Suatu kali Yesus diperhadapkan pada pertanyaan yang berusaha menjebakNya, yaitu pertanyaan tentang “identitas”, tentang sesama manusia. Menjawab pertanyaan ahli Taurat itu, Yesus menggunakan sebuah perumpaman tentang orang Samaria yang murah hati (Lukas 10:25-37). Dalam perumpamaan itu Yesus menampilkan tokoh-tokoh yang mewakili identitas tertentu: imam, Lewi, dan Orang Samaria serta korban perampokan. Perumpamaan itu diakhiri dengan sebuah pertanyaan Yesus, “Siapakah di antara ketiga orang ini, menurut pendapatmu, adalah sesama manusia dari orang yang jatuh ke tangan penyamun itu?” Jawab otang itu: “Orang yang telah menunjukkan belas kasihan kepadanya.” Kata Yesus kepadanya: “Pergilah, dan perbuatlah demikian!”

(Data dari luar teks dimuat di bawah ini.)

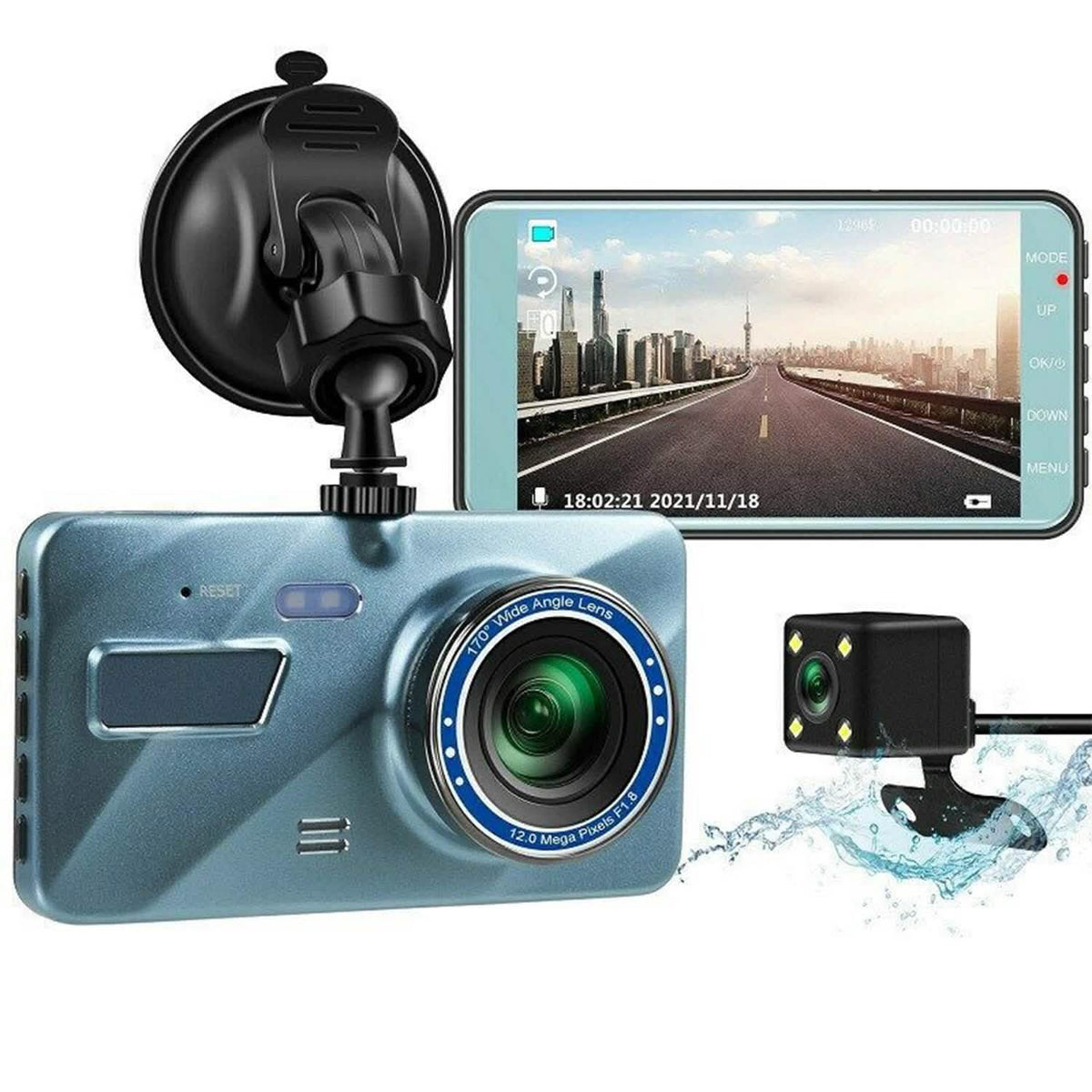 720P Dual Dash Car Camera Recorder with Motion Detection Light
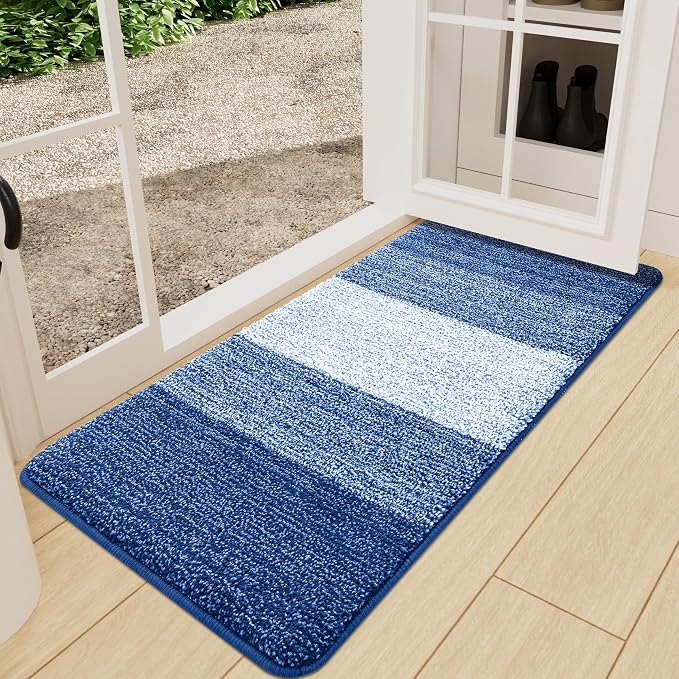 Kitinjoy Indoor Outdoor Door Mat, 47x24 Non-Slip Absorbent Dirt Trapper, Low-Profile Washable Inside Entrance Front Floor Mat, Sturdy Soft Entry Doormats for Entryway, Navy Blue by Kitinjoy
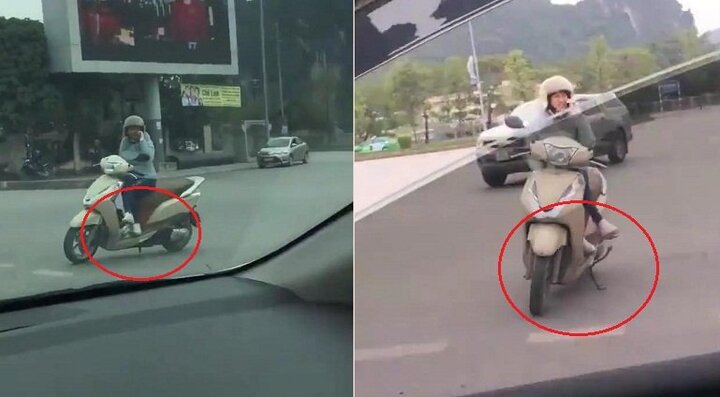 Clip: Nữ 'ninja Lead' dựng xe, ngồi vắt chân 'nấu cháo' điện thoại giữa ngã tư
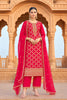 Red Crepe Silk Zari Woven And Embroidered Unstiched Suit Material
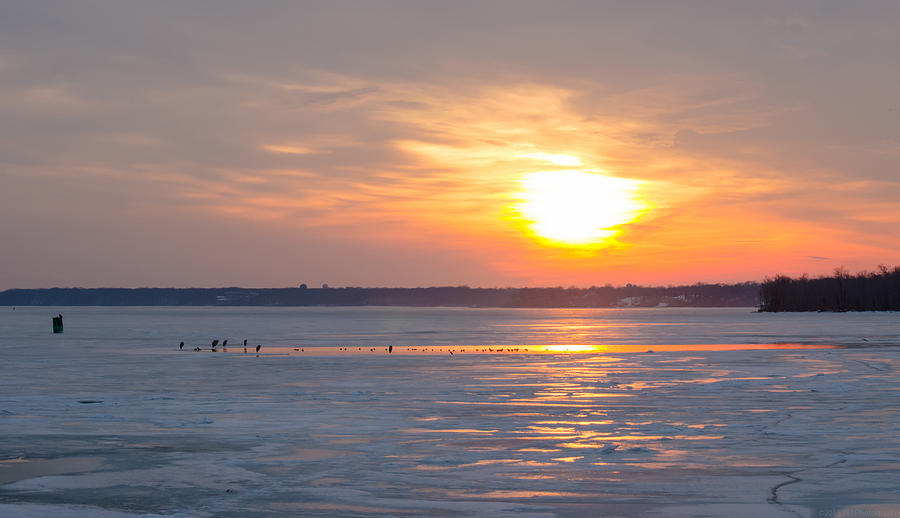 Post Duck Dinner Sunset on the Frozen Potomac Photograph by Jeff at JSJ Photography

Yesus mengiayakan jawaban ahli Taurat itu serta meminta untuk melakukannya. Itu berarti dalam menolong sesama, identitas bukanlah merupakan faktor utama dalam menentukan menolong seseorang, melainkan faktor manusia sebagai gambar Allah yang sedang mengalami penderitaan itulah yang harus dikedepankan. Kita tidak akan terjebak dalam dikotomi identitas “jauh” atau “dekat” ketika kita dengan sadar mengamini apa yang diaktakan Yesus. “Yang jauh” akan menjadi dekat bila kita memahaminya bahwa mereka juga diciptakan segambar dengan Tuhan. Ketika gambar Allah itu menjadi rusak oleh penderitaan, bencana alam, atau apa pun juga maka sudah selayaknyalah kita memberikan pertolongan. Apalagi yang “dekat”, Paulus pernah menuliskan dalam I Korintus 12:12 dst sebagai “satu tubuh” haruslah kita saling merawat/memelihara dan membantu.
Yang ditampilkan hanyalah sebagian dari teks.